Невольно задаешься вопросом, неужели по отношению к одному и тому же объекту мы слышали столь пренебрежительные замечания и столь воодушевленный панегирик? Неужели же одни упустили из виду абсурдные сновидения, а другие – полные смысла и жизни. Но если встречаются те и другие сновидения, которые заслуживают той и другой оценки, то разве не пустое занятие искать психологической характеристики сновидения? Разве недостаточно сказать, что в сновидении возможно все, начиная от глубочайшего понижения душевной деятельности вплоть до повышения ее, необычайного даже для бодрственной жизни? Как ни удобно это разрешение вопроса, ему противоречит то, что лежит в основе, в стремлении всех этих исследователей сновидения: по мнению всех их, существует все же общеобязательная по своей сущности характеристика сновидения, устраняющая все вышеуказанные противоречия.

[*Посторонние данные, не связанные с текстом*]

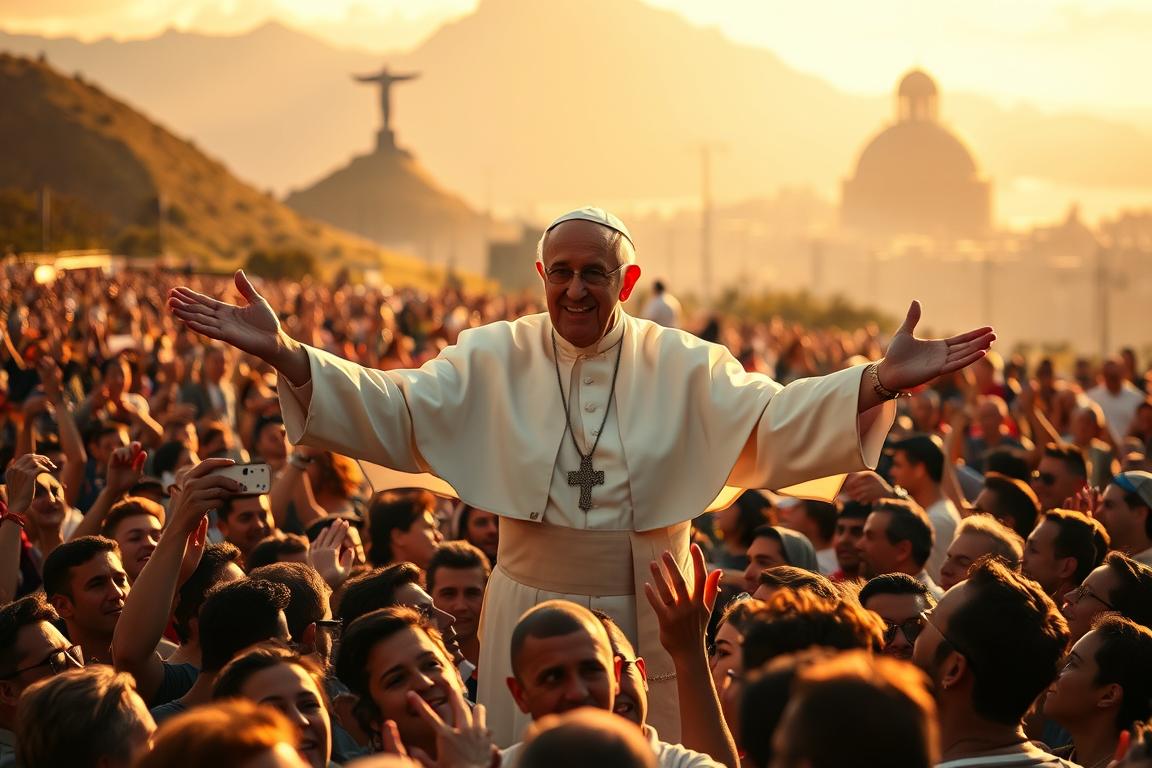A grand papal visit to Brazil, with Pope Francis in his white cassock and cape, standing amidst a sea of adoring crowds. The scene is bathed in warm, golden light, casting a serene and reverent atmosphere. In the background, the iconic landmarks of Rio de Janeiro rise, including the Christ the Redeemer statue overlooking the city. The pontiff's expression is one of benevolence and compassion, as he extends his arms in a blessing, connecting with the faithful. The foreground is filled with the uplifted faces of the Brazilian people, their eyes shining with devotion and hope. This image captures the transformative impact of the Pope's first visit to Brazil, a moment of profound spiritual connection and national pride.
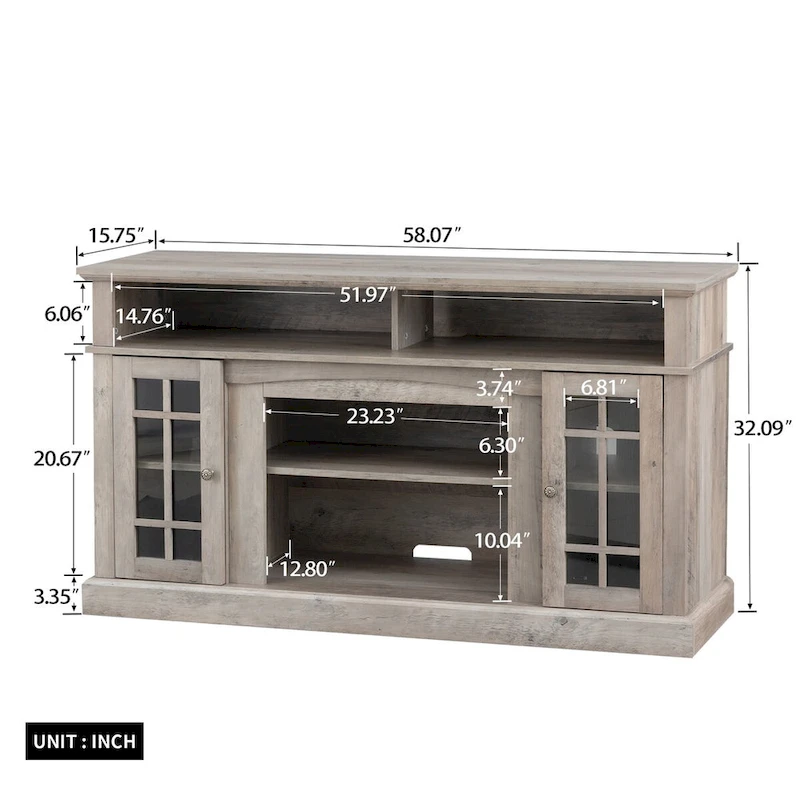 TVstand with electronicfireplace and remote control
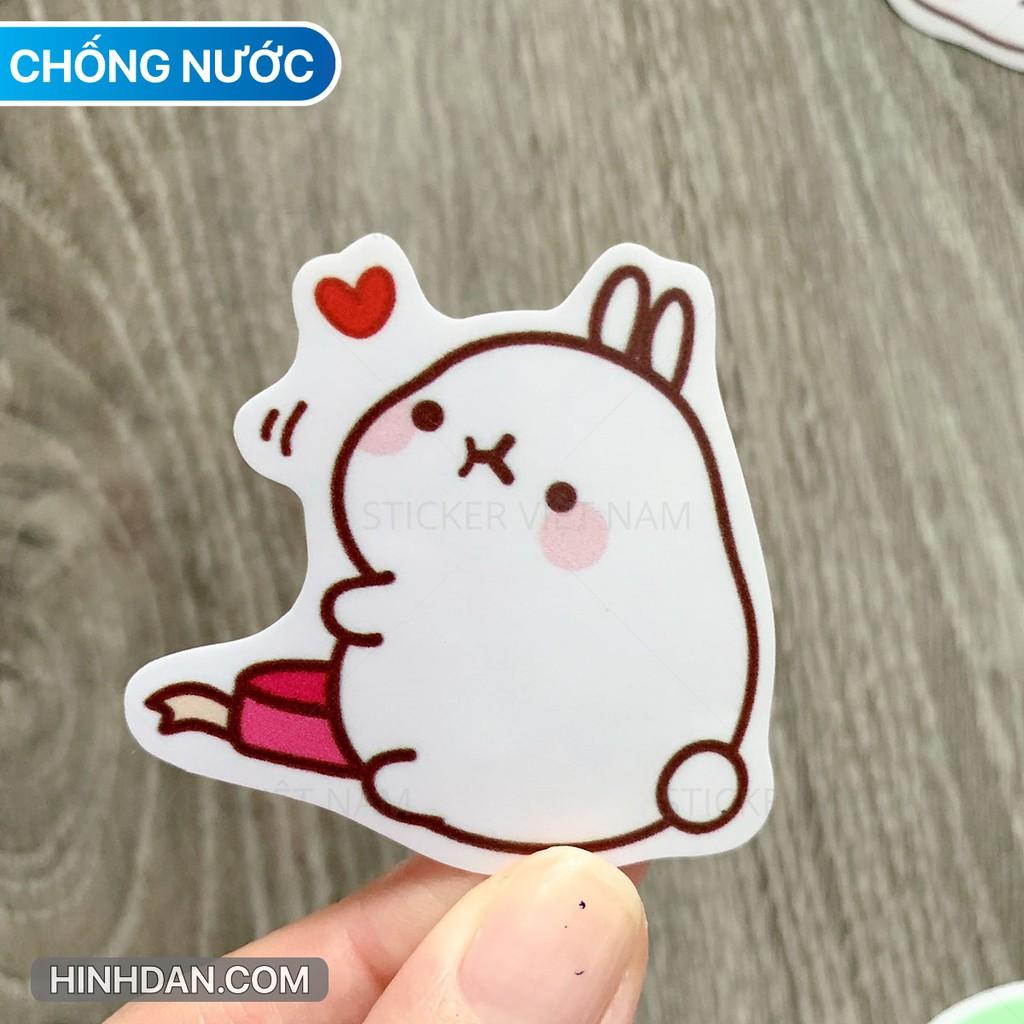 Molang Sticker Dễ Thương - Dán Trang Trí - Chất Liệu PVC Cán Màng Chất Lượng Cao Chống Nước, Chống Nắng, Không Bong Tróc Phai Màu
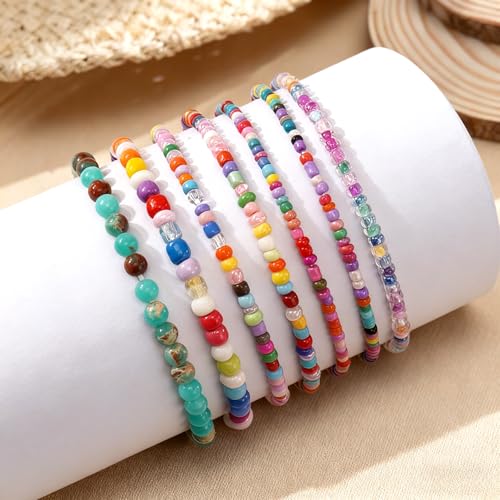 Handmade Stackable Rice Seed Beaded Ball Bracelets set for women, Romantic Boho Trendy Acrylic Glass Stretch Accessories Multi Layer Jewelry, Daily Wear Party Holiday Friendship Gift - color: Rainbow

Нельзя отрицать того, что психическая деятельность сновидения встречала более охотное признание в тот давно прошедший интеллектуальный период, когда умами владела философия, а не точные естественные науки. Воззрения, как например Шуберта, что сновидение является освобождением души от оков чувственности, от власти внешней природы и аналогичные воззрения младшего Фихте (Ср. Гаффнер и Спитта) и других, которые все характеризуют сновидение как подъем душевной жизни, кажутся нам в настоящее время мало понятными; сейчас с ними могут соглашаться лишь мистики и религиозно настроенные люди. Остроумный мистик Дю Прель, один из немногих авторов, у которых я хотел бы просить извинения за то, что я пренебрег ими в предыдущих изданиях этой книги, говорит, что не бодрст-венная жизнь, а сновидение является воротами к метафизике, поскольку она касается человека (Philosophic der Mystik, с. 59).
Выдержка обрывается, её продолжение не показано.